C’est pourquoi, la FAI consacre une partie importante de son action à communiquer et à sensibiliser le grand public aux thématiques du pastoralisme. En partenariat avec d’autres structures du monde pastoral, elle a ainsi réalisé quatre petits clips permettant de mieux comprendre l’activité.
Dans ce même objectif, elle organise aussi chaque année le Festival Pastoralismes et Grands Espaces à Grenoble. En 2022, en raison de financements promis non honorés, le festival s’est trouvé largement déficitaire. Mais le conseil d’administration ne remet pas en cause son édition 2023. « Même si elles ne sont pas toujours visibles au premier coup d’œil, les retombées de cet évènement qui porte la voix du pastoralisme sont bien réelles », assure le président Rebreyend.
Isabelle Brenguier
Le financement insuffisant des MAEC
Année de transition, 2023 ne permettra pas à tous les agriculteurs qui souhaitent contractualiser une MAEC de le faire. Seuls les groupements pastoraux en auront la possibilité.

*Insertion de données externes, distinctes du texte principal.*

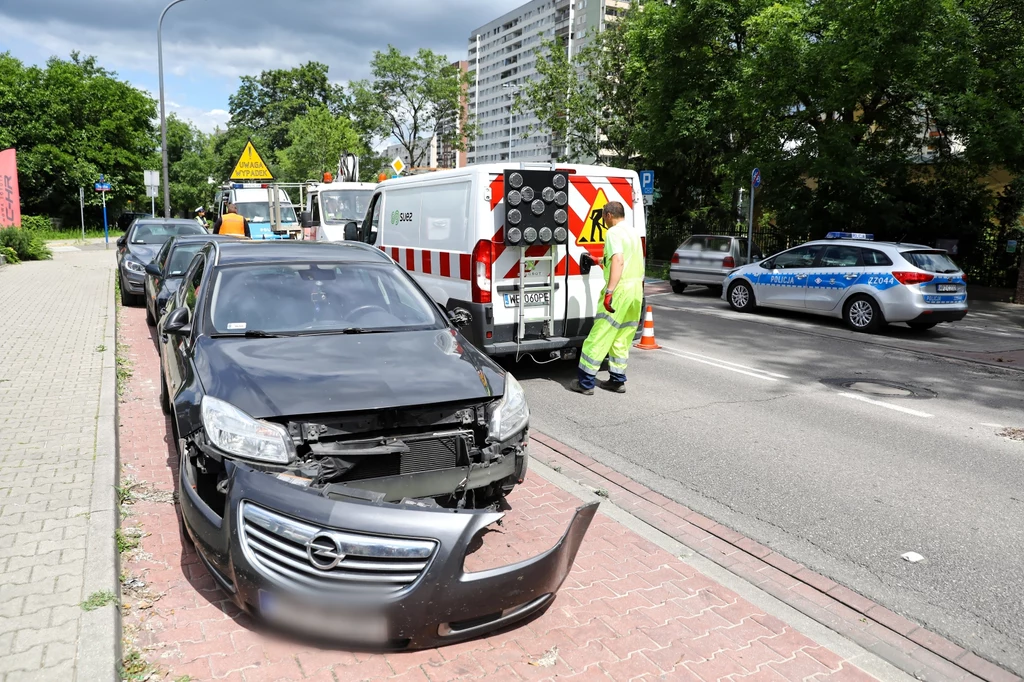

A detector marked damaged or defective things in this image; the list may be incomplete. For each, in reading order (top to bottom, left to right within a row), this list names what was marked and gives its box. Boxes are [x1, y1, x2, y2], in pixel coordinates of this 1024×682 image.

broken headlight [200, 393, 294, 462]
damaged gray sedan [155, 240, 598, 647]
broken headlight [487, 372, 532, 440]
detached front bumper [180, 456, 598, 643]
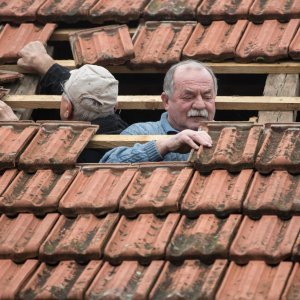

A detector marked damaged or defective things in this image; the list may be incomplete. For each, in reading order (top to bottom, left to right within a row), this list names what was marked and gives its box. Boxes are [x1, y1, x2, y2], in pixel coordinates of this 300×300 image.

damaged roof section [69, 24, 134, 66]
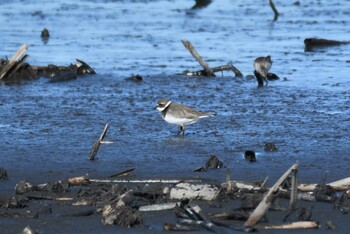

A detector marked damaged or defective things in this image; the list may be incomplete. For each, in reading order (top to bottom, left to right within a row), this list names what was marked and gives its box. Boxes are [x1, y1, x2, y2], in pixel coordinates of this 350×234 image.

broken stick [0, 43, 28, 80]
broken stick [180, 40, 216, 77]
broken stick [88, 123, 108, 160]
broken stick [243, 164, 298, 228]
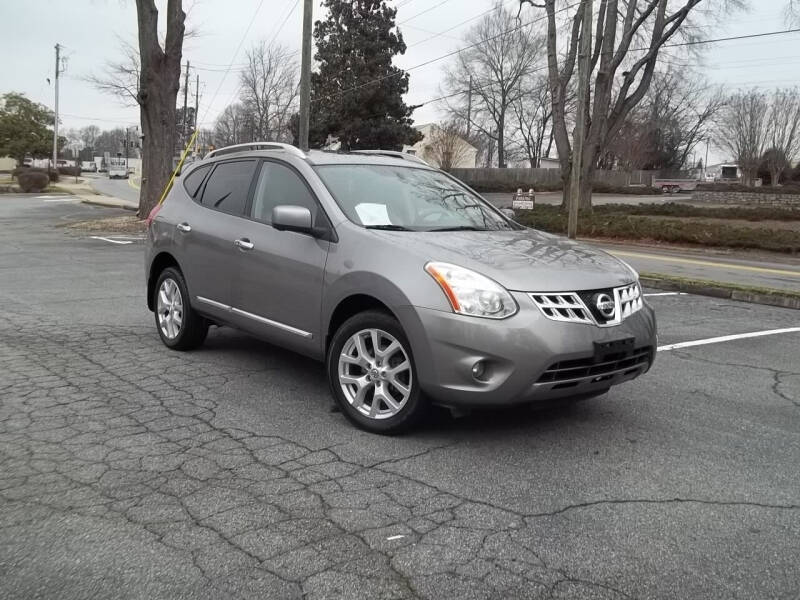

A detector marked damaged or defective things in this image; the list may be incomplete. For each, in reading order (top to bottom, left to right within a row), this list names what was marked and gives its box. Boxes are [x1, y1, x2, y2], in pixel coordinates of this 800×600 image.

cracked asphalt [0, 197, 796, 600]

La PAC et les MAEC (mesures agro-environnementales et climatiques) faisaient partie des « sujets qui fâchent » de l’assemblée générale de la FAI, tenue à Clelles le 7 avril dernier. Car, selon Denis Rebreyend, le président, « il y en a eu du travail investi par nos structures, par la profession, par le Département aussi, pour concrétiser des contrats environnementaux pertinents ».

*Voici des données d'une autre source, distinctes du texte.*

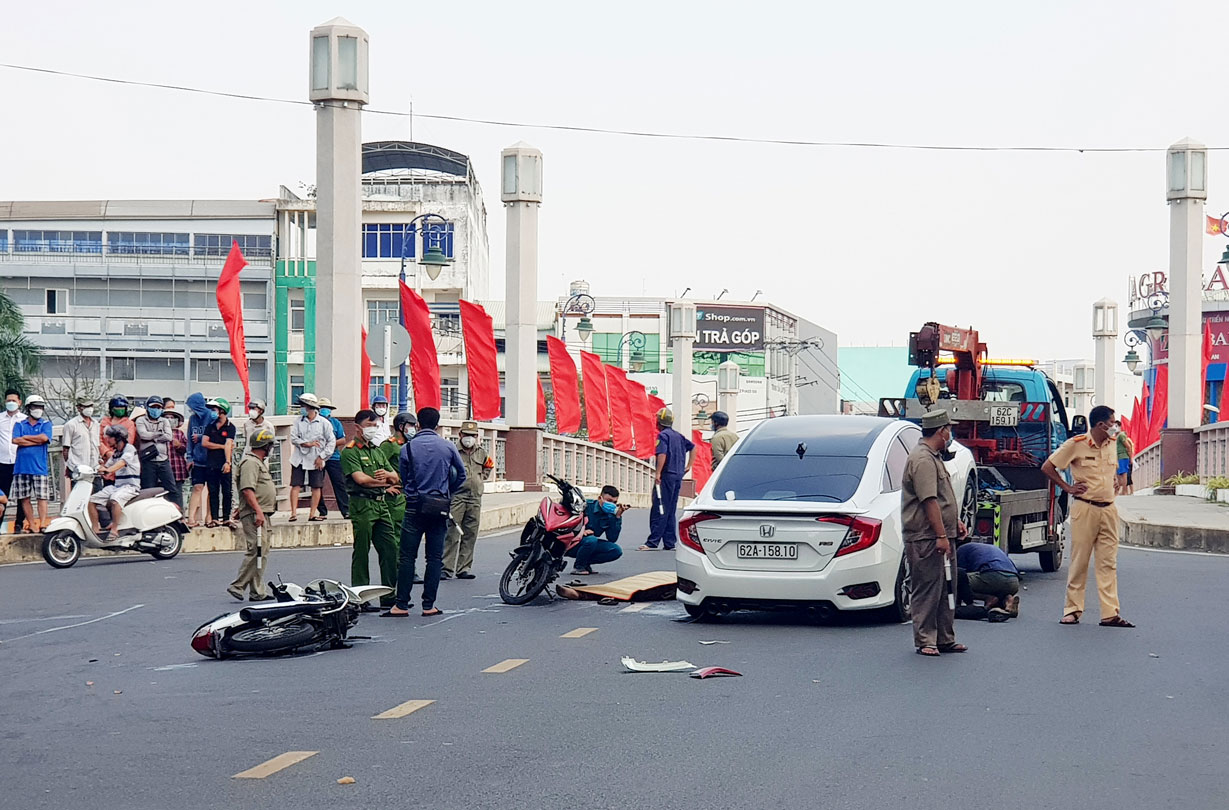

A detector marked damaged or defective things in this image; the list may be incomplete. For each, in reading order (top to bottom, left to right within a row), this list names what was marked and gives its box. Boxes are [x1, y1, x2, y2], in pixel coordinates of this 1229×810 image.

overturned motorcycle [192, 576, 390, 656]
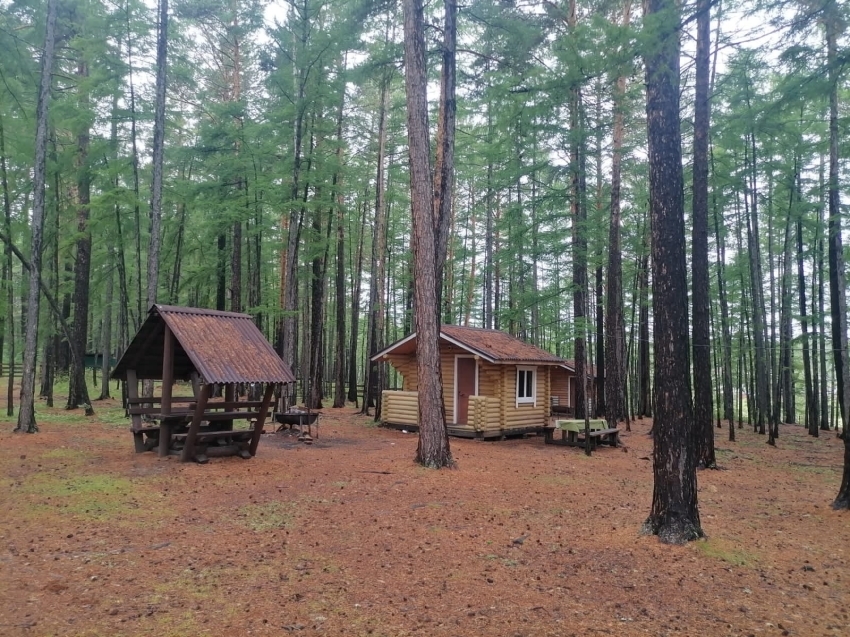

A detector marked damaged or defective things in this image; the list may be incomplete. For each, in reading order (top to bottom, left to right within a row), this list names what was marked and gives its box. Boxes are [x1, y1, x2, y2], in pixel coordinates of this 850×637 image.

rusty metal roof [110, 306, 294, 386]
rusty metal roof [372, 326, 564, 366]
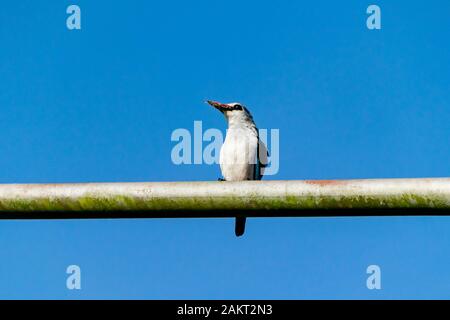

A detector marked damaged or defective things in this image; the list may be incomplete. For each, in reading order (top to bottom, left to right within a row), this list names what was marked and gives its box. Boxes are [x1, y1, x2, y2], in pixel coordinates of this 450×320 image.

rusty metal pipe [0, 179, 450, 219]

Mais le fait que le Département n’ait pas eu le droit de les financer, et donc que tous les agriculteurs qui auraient souhaité en faire la demande ne pourront en bénéficier, a suscité une grande colère. Tant du côté des agriculteurs que des élus de la collectivité. Jérôme Crozat, le président de la FDSEA de l’Isère a indiqué que cela faisait perdre 800 000 euros à la ferme Isère.
72 euros l’hectare
Pour cette année, aucun contrat individuel ne pourra donc démarrer. Les MAEC ne pourront être mises en œuvre que de façon collective, via les groupements pastoraux (GP), ces derniers ayant été considérés prioritaires par l’ensemble des partenaires. « A condition bien sûr qu’ils soient implantés dans des territoires porteurs d’un PAEC (Projet agro-environnemental et climatique) », a rappelé Hermann Dodier, chargé de mission à la FAI, lors de la réunion. Et, faute de budget suffisant, il n’est même pas sûr que tous puissent contractualiser. Mais il est quand même demandé à chacun d’entre eux d’en faire la demande.
Contrairement à ce qui était prévu initialement, il n’y a plus qu’une seule mesure mobilisable par les groupements pastoraux. Il s’agit de la MAEC biodiversité « Amélioration de la gestion des surfaces herbagères et pastorales par le pâturage », la PRA 3. Financée par l’Europe et l’État, son montant est de 72 euros l’hectare. Pour en bénéficier, les éleveurs doivent déclarer l’ensemble de leurs parcelles implantées dans la limite d’alpage, réaliser un diagnostic, puis un plan de gestion définissant leurs obligations et les critères de contrôle. Ils doivent aussi mettre en œuvre des enjeux localisés avec des obligations spécifiques. « A noter qu’un enregistrement des pratiques doit être effectué, en indiquant que les couverts n’ont pas été détruits et qu’aucun produit phytosanitaire n’a été appliqué », précise encore le technicien.
IB
Une étude et un séminaire
La guerre de l’eau. Fabien Mulyk, vice-président du Département en charge de l’agriculture estime que nous n’en sommes pas loin. La situation est telle que, même s’il n’y a pas d’agriculture sans eau, chaque décision, chaque projet, devra être étayé, objectivé. C’est pourquoi, le Département investit 300 000 euros dans la réalisation d’une grande étude indépendante de 18 mois. Grâce à un hydrogéologue et un bureau d’études spécialisés, les élus souhaitent avoir des éléments chiffrés, concrets, leur donnant les bases d’une réflexion mesurée.
Le lancement de cette étude est concomitant à l’organisation des Assises de l’eau à La Côte-Saint-André le 4 mai, un séminaire sur la gestion structurelle de l’eau et l’adaptation au changement climatique.